* [What the exercise asks]
For the listing below, output exactly the lines from the line with "RĘKAWICE OCHR. HPPE" up to and including the line with "Loeffler Randall Roma", and no other lines.
::::::::
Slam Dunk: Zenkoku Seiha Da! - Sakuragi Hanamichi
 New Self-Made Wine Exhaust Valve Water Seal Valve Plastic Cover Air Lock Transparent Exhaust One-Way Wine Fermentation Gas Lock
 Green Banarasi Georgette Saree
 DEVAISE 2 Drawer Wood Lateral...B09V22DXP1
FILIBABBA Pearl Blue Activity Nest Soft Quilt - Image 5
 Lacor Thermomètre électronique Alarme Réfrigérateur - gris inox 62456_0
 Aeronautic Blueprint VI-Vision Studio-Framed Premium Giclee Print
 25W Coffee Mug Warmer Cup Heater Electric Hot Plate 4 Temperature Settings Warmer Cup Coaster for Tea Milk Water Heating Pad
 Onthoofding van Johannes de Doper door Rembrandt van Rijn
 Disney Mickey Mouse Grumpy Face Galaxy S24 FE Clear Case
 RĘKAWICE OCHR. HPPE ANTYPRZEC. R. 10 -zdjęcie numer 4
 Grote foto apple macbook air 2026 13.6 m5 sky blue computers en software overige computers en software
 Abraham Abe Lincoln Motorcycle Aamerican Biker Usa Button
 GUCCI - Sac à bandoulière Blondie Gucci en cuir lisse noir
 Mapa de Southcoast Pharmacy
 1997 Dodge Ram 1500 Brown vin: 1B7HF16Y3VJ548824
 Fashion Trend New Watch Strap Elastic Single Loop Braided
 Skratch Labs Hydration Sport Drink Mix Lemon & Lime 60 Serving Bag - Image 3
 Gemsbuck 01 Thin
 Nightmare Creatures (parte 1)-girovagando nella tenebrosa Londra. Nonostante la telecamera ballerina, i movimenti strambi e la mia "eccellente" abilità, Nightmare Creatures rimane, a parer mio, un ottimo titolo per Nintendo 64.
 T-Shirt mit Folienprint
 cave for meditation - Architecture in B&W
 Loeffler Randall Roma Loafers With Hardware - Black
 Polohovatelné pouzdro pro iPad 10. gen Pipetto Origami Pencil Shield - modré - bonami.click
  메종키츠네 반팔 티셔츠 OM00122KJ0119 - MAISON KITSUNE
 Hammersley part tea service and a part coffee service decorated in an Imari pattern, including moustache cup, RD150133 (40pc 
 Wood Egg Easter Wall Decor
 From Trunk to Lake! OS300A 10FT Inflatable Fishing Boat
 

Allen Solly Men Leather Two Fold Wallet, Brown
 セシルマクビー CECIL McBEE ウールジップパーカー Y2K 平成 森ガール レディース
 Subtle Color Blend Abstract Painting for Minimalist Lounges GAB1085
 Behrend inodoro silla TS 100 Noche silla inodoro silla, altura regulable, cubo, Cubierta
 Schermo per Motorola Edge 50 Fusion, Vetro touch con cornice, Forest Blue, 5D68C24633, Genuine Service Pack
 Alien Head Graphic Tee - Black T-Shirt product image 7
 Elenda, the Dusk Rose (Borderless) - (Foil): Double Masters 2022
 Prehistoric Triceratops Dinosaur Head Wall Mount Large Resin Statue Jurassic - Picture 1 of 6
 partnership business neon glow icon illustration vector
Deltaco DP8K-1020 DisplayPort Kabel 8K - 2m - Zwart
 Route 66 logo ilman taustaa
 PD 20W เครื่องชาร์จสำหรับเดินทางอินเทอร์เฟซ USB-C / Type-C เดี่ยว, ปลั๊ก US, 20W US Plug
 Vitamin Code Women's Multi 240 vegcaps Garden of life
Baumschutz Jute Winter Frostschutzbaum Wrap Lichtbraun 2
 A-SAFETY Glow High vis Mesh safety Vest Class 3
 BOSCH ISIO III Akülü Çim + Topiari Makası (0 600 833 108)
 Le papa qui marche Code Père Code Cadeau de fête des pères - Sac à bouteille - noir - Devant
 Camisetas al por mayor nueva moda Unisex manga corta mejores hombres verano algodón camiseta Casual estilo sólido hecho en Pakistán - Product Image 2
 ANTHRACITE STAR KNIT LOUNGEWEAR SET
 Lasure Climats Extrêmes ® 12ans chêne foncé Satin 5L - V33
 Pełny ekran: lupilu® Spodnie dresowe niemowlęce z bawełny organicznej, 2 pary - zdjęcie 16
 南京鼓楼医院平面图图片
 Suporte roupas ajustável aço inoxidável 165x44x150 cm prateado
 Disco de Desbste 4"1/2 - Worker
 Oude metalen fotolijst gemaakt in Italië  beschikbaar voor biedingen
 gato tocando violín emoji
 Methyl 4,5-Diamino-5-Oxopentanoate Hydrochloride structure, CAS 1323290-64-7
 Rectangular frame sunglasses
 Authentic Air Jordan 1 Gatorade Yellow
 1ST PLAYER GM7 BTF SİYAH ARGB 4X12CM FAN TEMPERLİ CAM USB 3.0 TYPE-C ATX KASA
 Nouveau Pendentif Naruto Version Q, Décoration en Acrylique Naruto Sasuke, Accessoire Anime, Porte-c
::::::::
* [Response to this task]
 RĘKAWICE OCHR. HPPE ANTYPRZEC. R. 10 -zdjęcie numer 4
 Grote foto apple macbook air 2026 13.6 m5 sky blue computers en software overige computers en software
 Abraham Abe Lincoln Motorcycle Aamerican Biker Usa Button
 GUCCI - Sac à bandoulière Blondie Gucci en cuir lisse noir
 Mapa de Southcoast Pharmacy
 1997 Dodge Ram 1500 Brown vin: 1B7HF16Y3VJ548824
 Fashion Trend New Watch Strap Elastic Single Loop Braided
 Skratch Labs Hydration Sport Drink Mix Lemon & Lime 60 Serving Bag - Image 3
 Gemsbuck 01 Thin
 Nightmare Creatures (parte 1)-girovagando nella tenebrosa Londra. Nonostante la telecamera ballerina, i movimenti strambi e la mia "eccellente" abilità, Nightmare Creatures rimane, a parer mio, un ottimo titolo per Nintendo 64.
 T-Shirt mit Folienprint
 cave for meditation - Architecture in B&W
 Loeffler Randall Roma Loafers With Hardware - Black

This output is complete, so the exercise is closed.